Colorado State is mostly devoid of talent after a few stars left the program for the 2018 NFL Draft, but they do have some intriguing Day 3 prospects. Linebackers Josh Watson (#55) and Tre Thomas (#52) are a formidable duo in the middle of Colorado State’s defense, and offensive tackle Ben Knox (#78) anchors a line with his prototypical size and length (6’6”, 310 pounds). A good start to the season for any of these three players could really improve their stock.

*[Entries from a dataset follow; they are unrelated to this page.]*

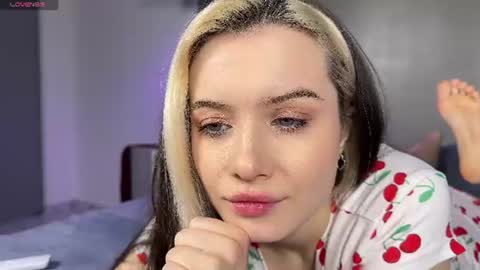 Snapshot of _blowjob_queen_ chatting on July 2026 11:33:01 PM Hey were Vi and Alex VACATION FROM OCTOBER 31 TO NOVEMBER 12. AVAILABLE ON INST online show from July 2026 11:33:01 PM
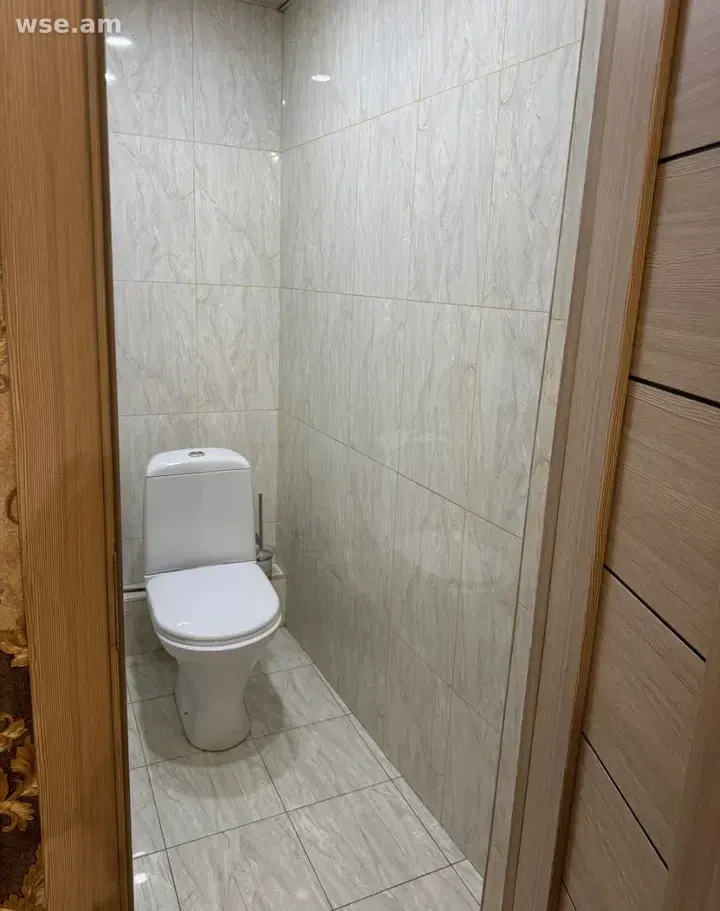 3-комн., 64 м², 1/14 эт., улица Ерзнкяна 1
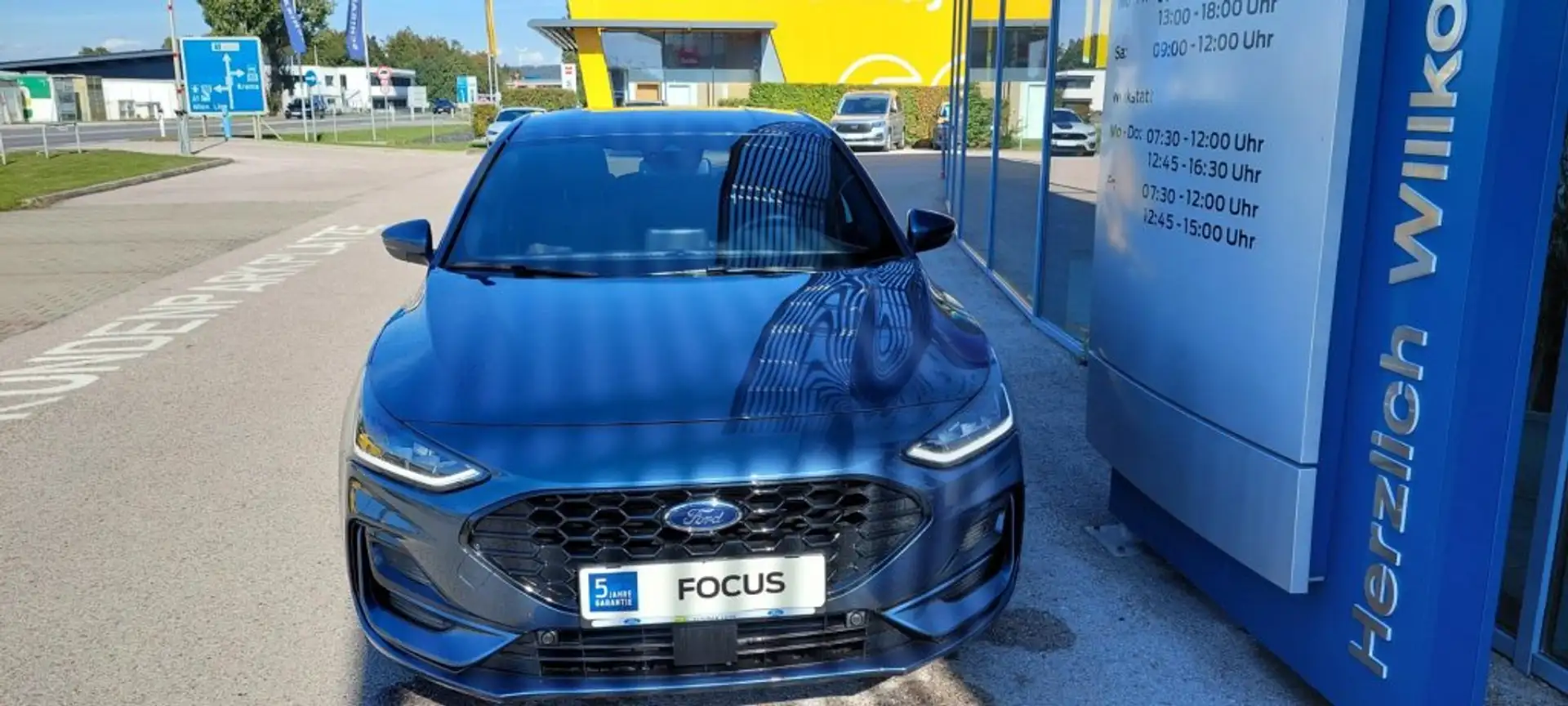 Ford Focus ST-Line Style 5T 1,0 EB 125 PS M6 Blauw - 2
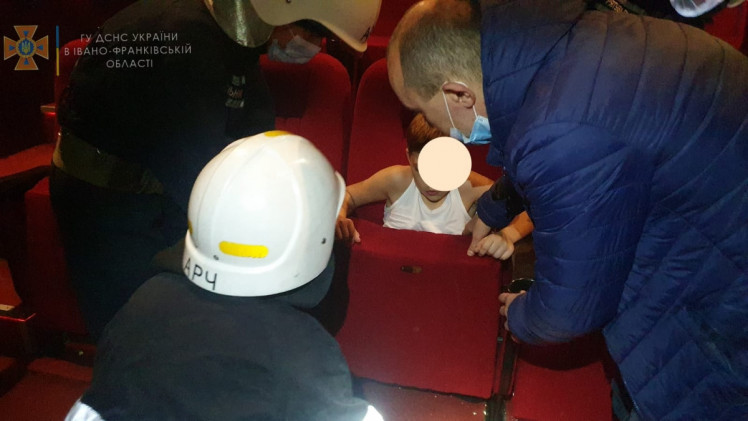 У Івано-Франківську хлопчик застряг у кріслі кінотеатру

10:00 PM Eastern Time (7:00 Pacific) - Wyoming at New Mexico State
Although Wyoming was a story because of Josh Allen last year, the true standouts were all on Wyoming’s 9th-ranked nationally scoring defense. Wyoming returns many of these players, leaving you with plenty of prospects to watch. Leading the way are safeties Andrew Wingard (#28 and with long golden locks) and Marcus Epps (#6). Defensive end Carl Granderson (#91) is also an intriguing prospect with the potential to go as high as the second round next year. One of the most intriguing positions for Wyoming is their interior DL rotation. Youhanna Ghaifan (#93), Sidney Malauulu (#96), Conner Cain (#87), Ravontae Holt (#98), and Javaree Jackson (#86) are all draft eligible and have a good amount of playing experience, but the rotation is up in the air. All five of these guys will be going hard every snap in an attempt to get more play time and improve their draft stock, so that will be a fun internal competition to watch.
Are you ready for the “Damn, I’m old” note of the week? Though he is a true freshman this year and it’s unsure what his role will be, Raghib "Rocket" Ismail, Jr. (#17) signed with Wyoming last year. You might remember his father, former Notre Dame and NFL deep threat extraordinaire Raghib “Rocket” Ismail, Sr., and his 9-year career with the Raiders, Panthers, and Cowboys from 1993-2001.
New Mexico State doesn’t have much going for them, but do have a couple of good Day 3 prospects. Safety Ron Laforce (#23) and OLB Terrill Hanks (#2) are solid pieces on an otherwise unspectacular Aggie team, but it doesn’t matter. Meaningful football is back, and you can bet your bottom dollar that I’ll be watching.